Oxid Med Cell Longev. 2020 Oct 2;2020:5950195. doi: 10.1155/2020/5950195. eCollection 2020.
Endothelial injury plays a critical role in the pathogenesis of cardiovascular disorders and metabolic-associated vascular complications which are the leading cause of death worldwide. However, the mechanism underlying endothelial dysfunction is not completely understood. The study is aimed at investigating the role of tubulin polymerization-promoting protein family member 3 (TPPP3) in palmitic acid- (PA-) induced endothelial injury. The effect of TPPP3 on human umbilical vein endothelial cells (HUVECs) was determined by evaluating apoptosis, tube formation, and reactive oxygen species (ROS) production. TPPP3 silencing inhibited PA overload-induced apoptosis and production of ROS, along with the alteration of apoptosis-related key proteins such as BCL-2 and Bax. Mechanically, voltage-dependent anion channel 1 (VDAC1) was identified as a novel functional binding partner of TPPP3, and TPPP3 promoted VDAC1 protein stability and its activity. Further studies indicated that TPPP3 could promote apoptosis, ROS production, tube formation, and proapoptotic protein expression and reduce antiapoptotic protein expression through increasing VDAC1 expression under mildly elevated levels of PA. Collectively, these results demonstrated that TPPP3 could promote PA-induced oxidative damage in HUVECs via a VDAC1-dependent pathway, suggesting that TPPP3 might be considered as a potential therapeutic target in vascular disease.

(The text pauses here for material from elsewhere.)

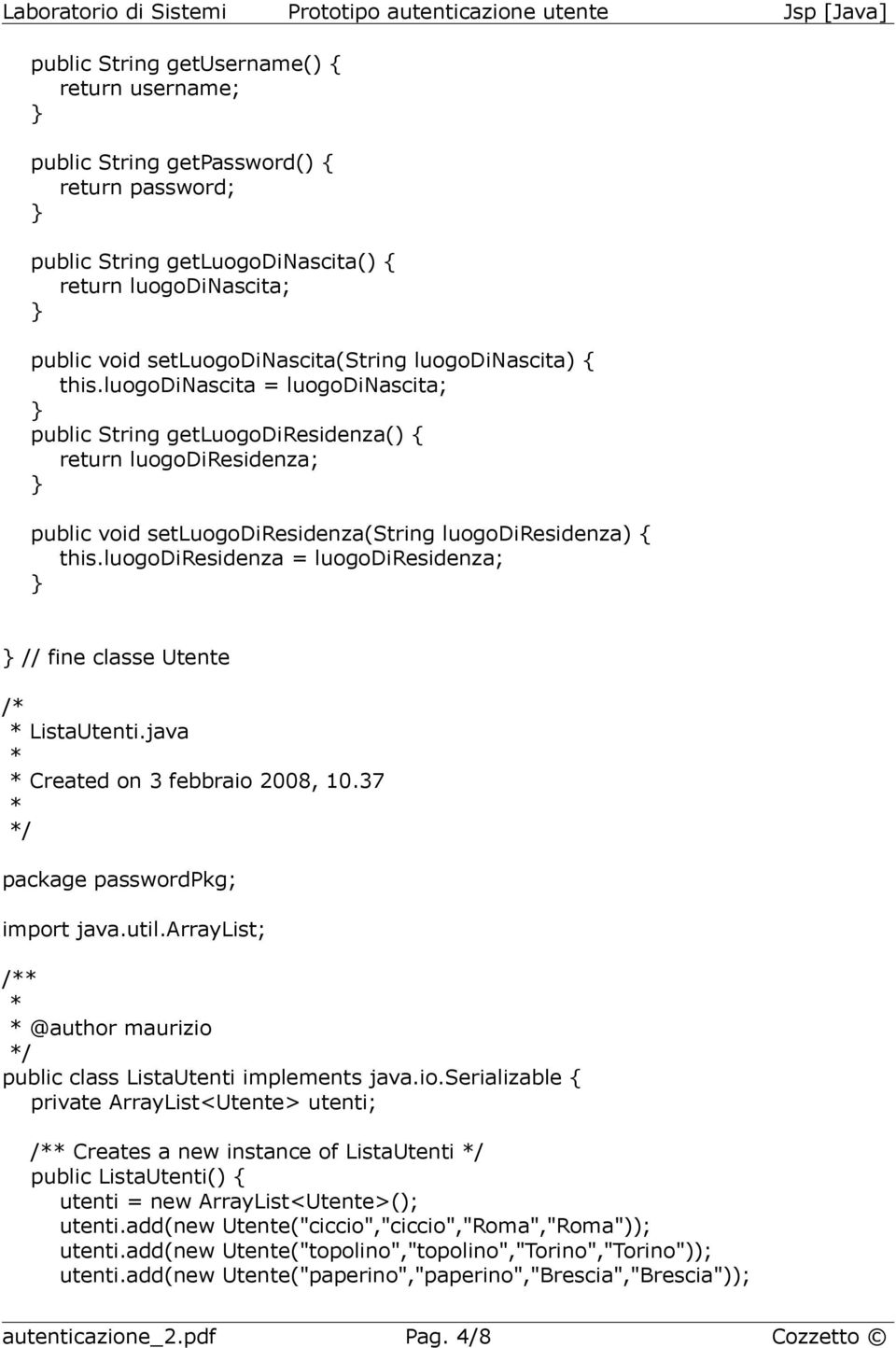luogodiresidenza = luogodiresidenza; // fine classe Utente / ListaUtenti.java Created on 3 febbraio 2008, 10.37 / package passwordpkg; import java.util.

内皮损伤在心血管疾病和代谢相关血管并发症的发病机制中起着关键作用,这些并发症是全球死亡的主要原因。然而,内皮功能障碍的机制尚不完全清楚。本研究旨在探讨微管蛋白聚合促进蛋白家族成员 3(TPPP3)在棕榈酸(PA)诱导的内皮损伤中的作用。通过评估细胞凋亡、管形成和活性氧(ROS)产生来确定 TPPP3 对人脐静脉内皮细胞(HUVEC)的影响。TPPP3 沉默抑制了 PA 过载诱导的细胞凋亡和 ROS 产生,以及凋亡相关关键蛋白如 BCL-2 和 Bax 的改变。在机制上,电压依赖性阴离子通道 1(VDAC1)被鉴定为 TPPP3 的一个新的功能结合伙伴,TPPP3 促进了 VDAC1 蛋白的稳定性及其活性。进一步的研究表明,TPPP3 可以通过增加轻度升高的 PA 下的 VDAC1 表达,促进细胞凋亡、ROS 产生、管形成和促凋亡蛋白的表达,降低抗凋亡蛋白的表达。总之,这些结果表明,TPPP3 可以通过 VDAC1 依赖性途径促进 PA 诱导的 HUVEC 氧化损伤,提示 TPPP3 可能被视为血管疾病的潜在治疗靶点。